Courtesy: Jen Horsey - (Sorry for the Ford pictures)

How do you pack for a major trip?

My method is to pile everything I might need while I'm away onto my bed until it looks like a deep-discount sales bin of clothes and shoes and toiletries. Then I comb through it and start packing: essentials first, then the nice-to-haves. Inevitably, I unpack and repack my bag several times as I decide I don't really need that extra hoodie, or that I can make do with only one pair of sneakers.

That's what every one of the 15 rallycross teams competing in Foz do Iguaçu, Brazil, has been up to for the past couple of weeks -- only on a much larger scale.

I dropped by the normally neat-as-a-pin Olsbergs MSE shop in Huntington Beach, Calif., last week to find it in a state of chaos. There were Ford Fiesta body panels, wheels, tires and miscellaneous hardware everywhere. For three days, the team that runs cars for X Games veterans Tanner Foust, Brian Deegan, Toomas "Topi" Heikkinen, and newcomer Patrik Sandell, has been packing the race team equivalent of luggage in preparation for the 5,000-mile plus journey to Brazil for the first X Games RallyCross competition of the 2013 season. It's a massive undertaking.

"We aren't talking about racing just around the corner from the shop," said OMSE mechanic Brad Manka. "I'm not real familiar with Foz, but it's not like we can call the local auto parts store and pick up a spare racecar."

Rallycross is hard on cars. Teams routinely assign five or six technicians to care for each competition vehicle during a race and they're prepared to do everything from add fuel and wipe dust off the windshield, to hammer out dents or weld up a new subframe. Because they don't know before the race what could happen in this full-contact motorsport, they have to be prepared for every eventuality.

"We have spare everything," said Manka, as he combed through a 10-page, single spaced inventory spreadsheet that represents the spare parts and tools for just two of the team's cars. "Seventy-four coil springs, 39 V-band clamps, 24 clutch shims, 82 stainless steel hose clamps …"

A few weeks ago, sport organizers sent teams a scary looking 31-page document outlining the do's and don'ts of packing for the trip. A missed step -- as simple as an uncrossed 't' or undotted 'i' -- could mean rejection by customs officials and a car that arrives too late to the race. Each part had to be itemized as it was packed up into a crate suitable for loading into a shipping container. Parts all assigned a unique number based on globally recognized harmonized shipping codes that identify every type of item -- from applesauce to zippers -- that gets shipped through international borders.

To accompany each rallycross car, teams have been allocated 2.5 tons of spare parts packed into a space that's probably a little smaller than your bedroom -- 10 feet by 8 feet by 9 feet (720 cubic feet).
When it comes to packing for a rallycross event, it's a little more complicated than getting to the airport and discovering you have to check your skateboard because it won't fit into the overhead bin. While you might check your toothpaste label to see if it's under the three ounces that is allowed through a TSA security checkpoint in a plastic baggy, Manka and his crew had to itemize every nut and bolt and double-check that their engines have easily visible serial numbers stamped into the metal so touchy customs agents don't give them any grief.

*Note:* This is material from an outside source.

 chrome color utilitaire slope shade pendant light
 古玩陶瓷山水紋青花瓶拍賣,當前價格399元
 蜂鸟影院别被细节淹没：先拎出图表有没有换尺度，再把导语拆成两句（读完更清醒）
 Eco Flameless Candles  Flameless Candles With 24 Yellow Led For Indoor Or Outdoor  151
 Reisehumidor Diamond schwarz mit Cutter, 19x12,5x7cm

"We can't even ship high-pressure cylinders, so we're not sure what we're going to do about welding gas," said Manka, as a team member lugged a portable welder into a massive crate.
And while this was going on in the United States, this effort was being duplicated in Europe, where several other teams -- including Liam Doran's -- were also packing up for the long trip to Brazil.
Once a team's 2.5 tons of gear is carefully inventoried and loaded, it is shipped, along with the competition car it is accompanying (which weighs in at another 1.3 tons), to Miami where all the gear was scheduled for load-in earlier this week to a special Boeing 747 cargo transporter -- chartered by X Games for just this purpose.

They don't want to lose that luggage -- depending what's in a crate, each one can contain as much as $100,000 worth of parts. The cars are worth another $500,000. Each.

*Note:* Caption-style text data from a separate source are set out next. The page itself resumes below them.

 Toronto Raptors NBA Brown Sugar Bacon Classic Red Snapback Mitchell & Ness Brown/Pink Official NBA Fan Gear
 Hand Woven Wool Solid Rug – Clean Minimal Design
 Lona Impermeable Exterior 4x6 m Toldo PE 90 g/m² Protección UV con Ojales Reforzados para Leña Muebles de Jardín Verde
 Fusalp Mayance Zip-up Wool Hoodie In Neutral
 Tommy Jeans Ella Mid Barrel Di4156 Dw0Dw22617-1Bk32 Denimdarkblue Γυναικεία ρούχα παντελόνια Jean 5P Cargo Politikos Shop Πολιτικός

If you've never seen a cargo plane in action, it's impressive. Imagine the same airplane you travel on when you fly to visit your grandma, but instead of seats, this one hasn't got any creature comforts outside of the cockpit: just a flat floor with rollers on it. Huge doors on the nose, tail, or side, open to reveal an empty cylinder for cargo. To load it, forklifts feed crates and cars and pallets into the maw of the beast. The cars themselves are wrapped in plastic and stacked two high on racks and everything else is neatly loaded in. When all is said and done, a pilot, a co-pilot and many tons of rallycross cars and parts will travel together to Brazil.

With any luck, it'll all sail through customs and the teams will find their gear waiting for them when they get to Foz -- when the unpacking begins. Then, after the race on April 21, the process starts all over again: Destination Round 2 -- Barcelona, Spain.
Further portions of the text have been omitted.